# Day of the Dead



## Minøtaurus (20. August 2009)

Folgendes Szenario:

Die Untoten (Verlassenen) erheben sich. 

Ausgangspunkt der Aktion: Tarrens Mühle

Ziel: Hafen von Menethil

Ich hab mir das so gedacht, dass sich eine größere Gruppe von Untoten, und wirklich nur Untote sich aufgrund ihres Hasses auf alles Lebende und der Gefahr selbst vernichtet zu werden erheben, und zuerst in Süderstade einfallen, alle dortigen Bewohner töten, und diese Stadt dauerhaft besetzen. Ich weiß, dass das unmöglich ist, das ist auch nur eine Vorstellung von mir.
Weiters ziehen sie dann weiter durch das Arathihochland und fallen im Sumpfland ein.

Vor den Toren des Hafen von Menethil komt es dann zur finalen Schlacht, die Untoten gewinnen fallen ebenfalls in Menethil ein und besetzen sie dauerhaft.

Als ich das in meiner Gilde erzählte, haben einige gemeint, dass das angeblich die Fortsetzung von WoW sei, worauf sich die restliche Horde, mit der Allianz zusammenschließt, um die Untoten zu besiegen. Grund Thrall, und den andren werden die Untoten zu gefährlich...

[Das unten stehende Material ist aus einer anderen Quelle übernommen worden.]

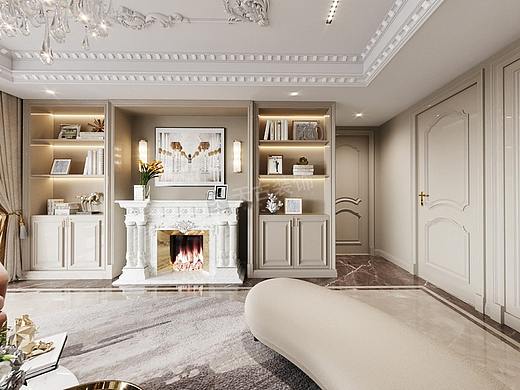 大平层法式风格设计,壹号半岛户型设计方案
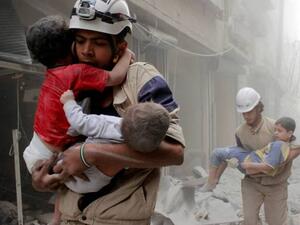 معاناة المدنيين بأحياء حلب الشرقية تتفاقم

Ob das so stimmt bezweifel ich, klingt aber verdammt gut in meinen Ohren 


			Dieser Inhalt steht nur eingeloggten Mitgliedern zur Verfügung.


----------



## Exeliron (20. August 2009)

ist sehr unwahrscheinlich, blizz wird eine neue gefahr über azeroth bringen, das mit den untoten wäre eine ausgelatschte idee weil das ja schon der grund ist warum allianz und horde überhaupt nach nordend aufbrechen. dass dann alle untoten eine feindliche fraktion bilden und man (selbst auf pvp-servern) gemeinsam gegen die kämpfen soll ist unmöglich umzusetzen.

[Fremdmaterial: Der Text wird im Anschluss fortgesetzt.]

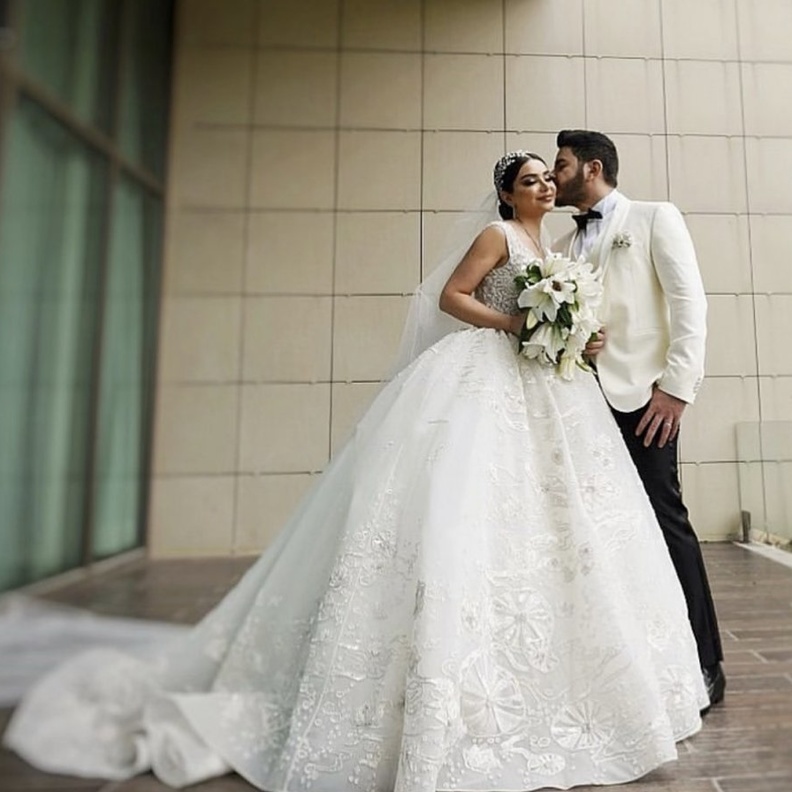 زواج هيفاء حسوني وبكر خالد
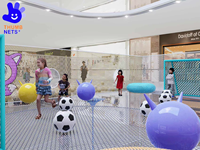 Équipement de terrain de jeu intérieur personnalisé avec filets en corde, filets d'escalade parent-enfant, conception de parc de jeux souples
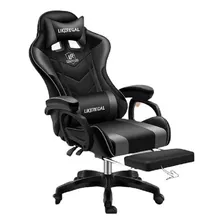 Silla D Escritorio Gamer Ergonómica Tapizado Cuero Sintético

zudem wäre die story und der inhalt dieser erweiterung wirklich spärlich bestückt 


			Dieser Inhalt steht nur eingeloggten Mitgliedern zur Verfügung.
        




mfg, exe


----------



## Minøtaurus (21. August 2009)

Ich rede ja nicht von den Untoten der Geißel, sondern von den Verlassenen... Und es soll nicht von blizz ins Spie implementiert werden, sondern soll ne RP Sache sein, von Spielern gespielt... aber egal

Das würde auch nur funktionieren, also auf dauer wenn es sowas wie einen RvR Server gäben würde


----------



## Soladra (30. August 2009)

Ich habs! Sylvannas wird ,nn chd em wir Arthas umgeklatscht haben, Lichqueen! Das wär sooooo ironisch!


----------